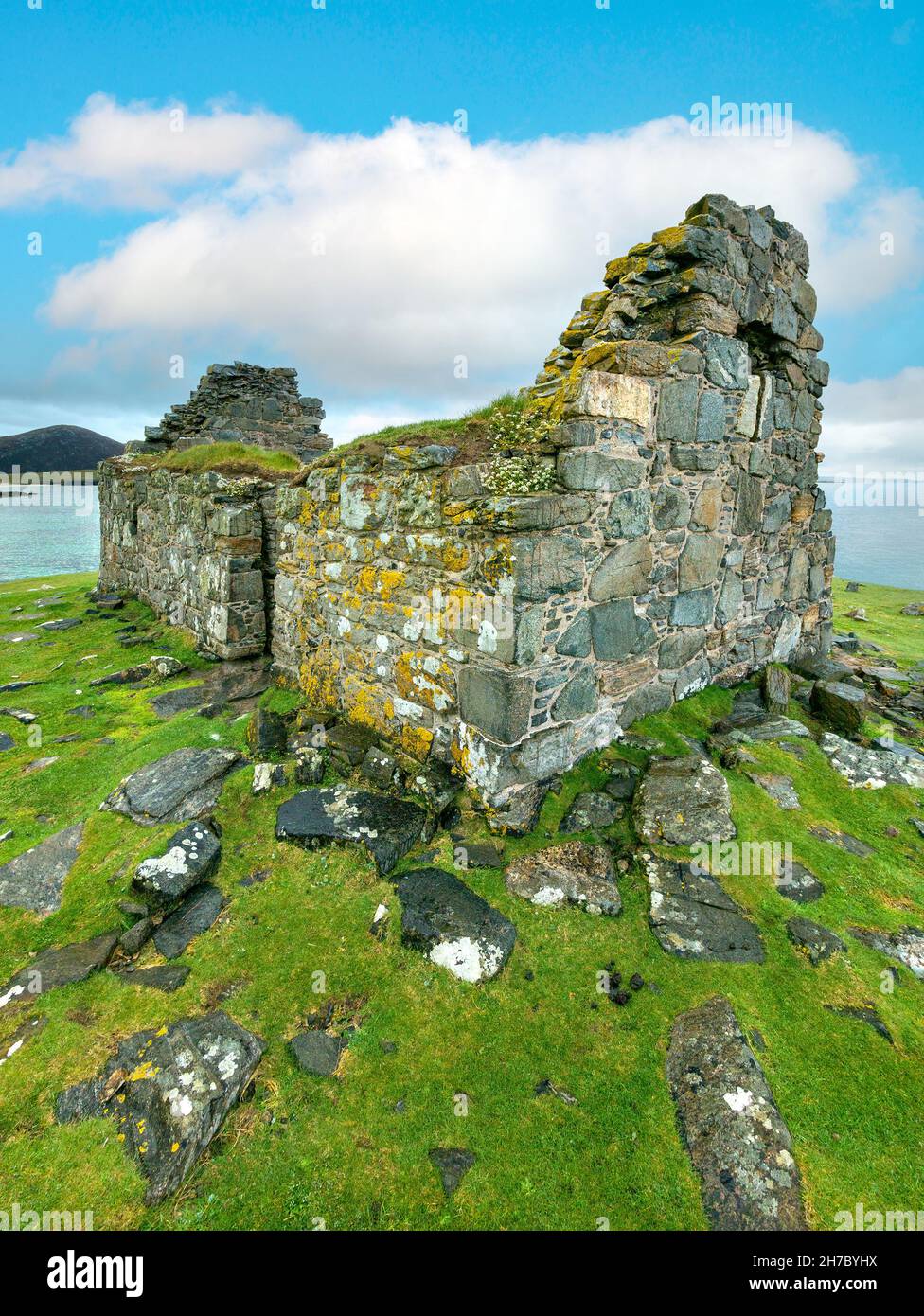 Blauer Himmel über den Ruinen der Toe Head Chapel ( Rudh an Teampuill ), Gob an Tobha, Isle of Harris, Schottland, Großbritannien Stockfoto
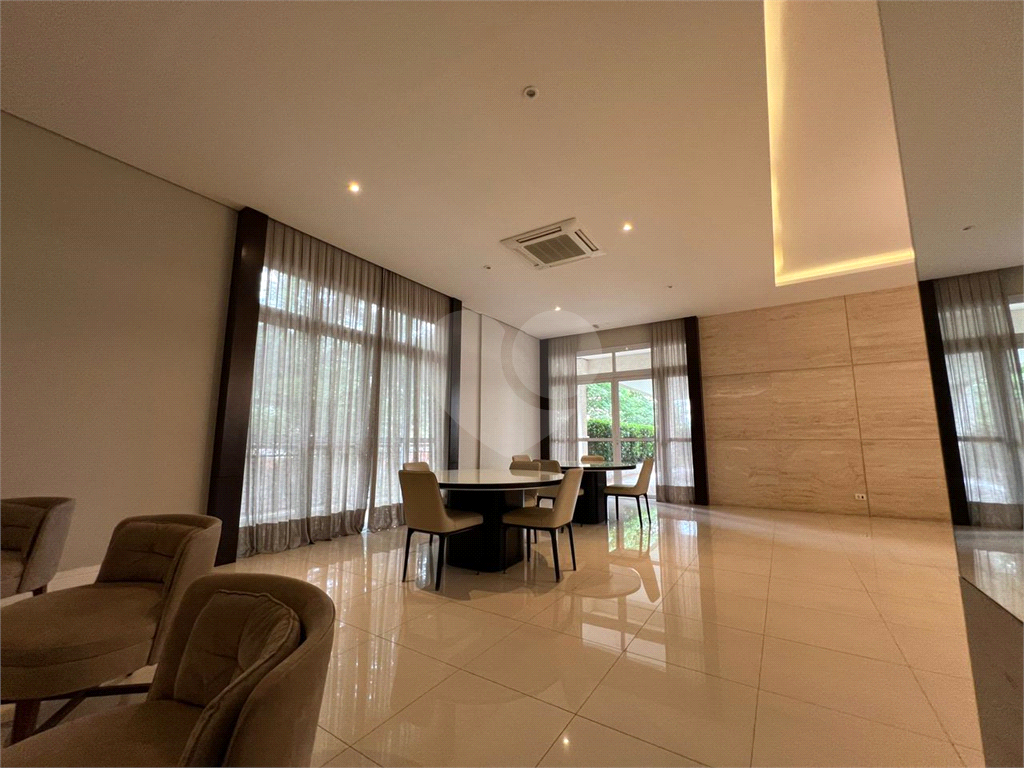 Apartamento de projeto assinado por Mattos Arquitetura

--

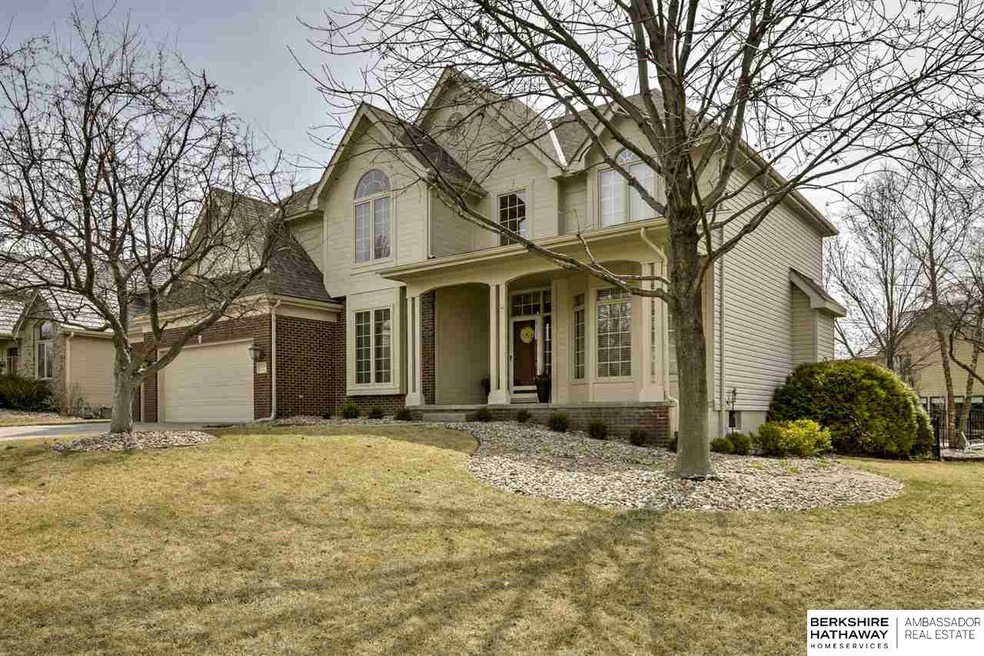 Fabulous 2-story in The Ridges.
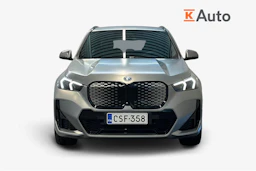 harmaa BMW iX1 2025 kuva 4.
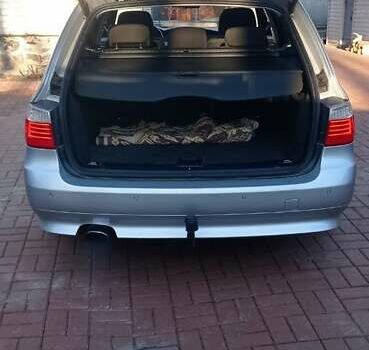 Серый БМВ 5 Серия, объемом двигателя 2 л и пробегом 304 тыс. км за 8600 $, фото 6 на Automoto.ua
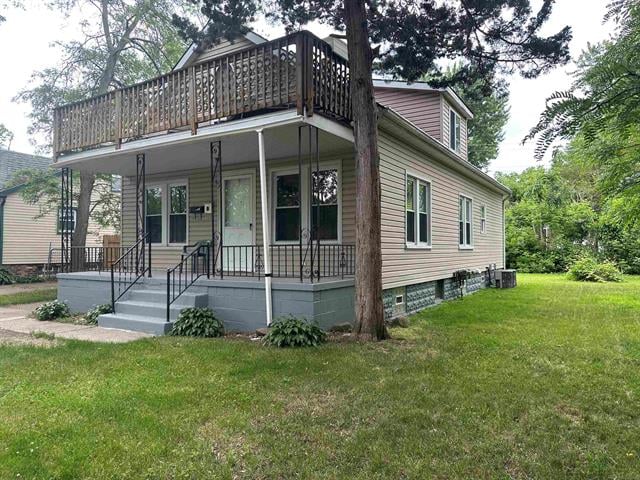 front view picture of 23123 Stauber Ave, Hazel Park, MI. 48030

▸ **TASK GOAL**: Copy out exactly the lines above beginning with the line that contains "Blauer Himmel über" and finishing with the line that contains "Apartamento de projeto", including both; leave the pictures out.

▸ **ANSWER SPACE**:
 Blauer Himmel über den Ruinen der Toe Head Chapel ( Rudh an Teampuill ), Gob an Tobha, Isle of Harris, Schottland, Großbritannien Stockfoto
 Apartamento de projeto assinado por Mattos Arquitetura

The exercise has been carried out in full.